Ainsi s'élevait le ton des protestations populaires. C'est déjà le régime de la Terreur qui s'annonce, appliqué aux choses économiques. La Révolution ne songe pas à toucher à la propriété individuelle, à substituer le communisme aux échanges et à la concurrence mercantile ; elle n'a donc d'autre ressource pour contenir les spéculations de la bourgeoisie que de frapper les marchands d'épouvante ; c'est de la pendaison que le père Duchesne les menace, ce sera bientôt de l'échafaud.

Ainsi commencent à apparaître les raisons économiques de la Terreur.
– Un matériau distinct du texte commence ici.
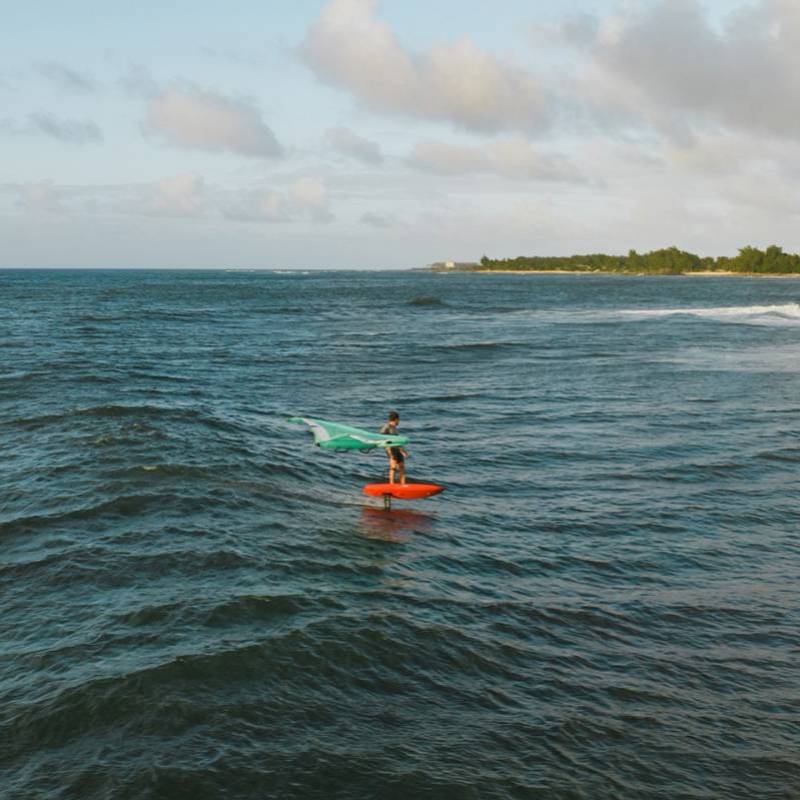 Test et avis F-One Rocket Mid Length 2024 - planche wingfoil mid length bambou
Mais ce n'est pas encore à l'insurrection, ce n'est pas à une Révolution nouvelle que le père Duchesne appelle le peuple. Il déplore que la Constitution ait été manquée, qu'elle ne soit pas inspirée d'un grand esprit démocratique et populaire, mais il se résigne provisoirement (n° 84) : « Si on n'avait pas étouffé la voix du peuple de Paris, nous n'aurions pas eu une Constitution à la diable, un véritable habit d'Arlequin où on voit des morceaux magnifiques cousus avec des guenilles. Cette Constitution serait toute prise dans les Droits de l'Homme et elle aurait été un jour la loi de l'Univers ; mais ce qui est fait est fait, et parce qu'on a un cheval borgne, pour cela il ne faut pas le tuer. »

Le père Duchesne s'accommodait ainsi au mouvement, tantôt précipité, tantôt lent et incertain des pensées populaires ; mais bientôt le peuple, un moment lassé par l'excitation continue de Marat, éprouva de nouveau le besoin d'entendre cette voix stridente, passionnée. Tout seul le père Duchesne semblait insuffisant et vulgaire.

Le club des Cordeliers, le 5 avril, adressa une pétition à Marat, le priant de rentrer en scène. La lettre était signée d'Hébert, président. L'Ami du Peuple reparut le 12 avril 1792, et ainsi le peuple se fit entendre, pour ainsi dire, par deux voix, l'une gouailleuse, bonhomme et souvent ordurière, l'autre aigre, déchirante, toute vibrante de passion et de pensée, avec de furieux égarements et des accents prophétiques.

 

LES TROUBLES ALIMENTAIRES

Mais ce n'était pas seulement dans les grandes villes, c'était aussi dans les bourgs et dans les campagnes que la question des subsistances, surtout la question du blé, provoquait des agitations et des troubles. Pendant deux ans, pendant l'année 1790 (sauf les trois premiers mois) et pendant toute l'année 1791, la question du blé ne s'était pas posée. Les récoltes avaient été abondantes, le prix du pain avait graduellement diminué jusqu'à ne pas atteindre trois sous la livre et aucune inquiétude n'avait effleuré l'imagination populaire, que Taine représente toujours tendue et affolée.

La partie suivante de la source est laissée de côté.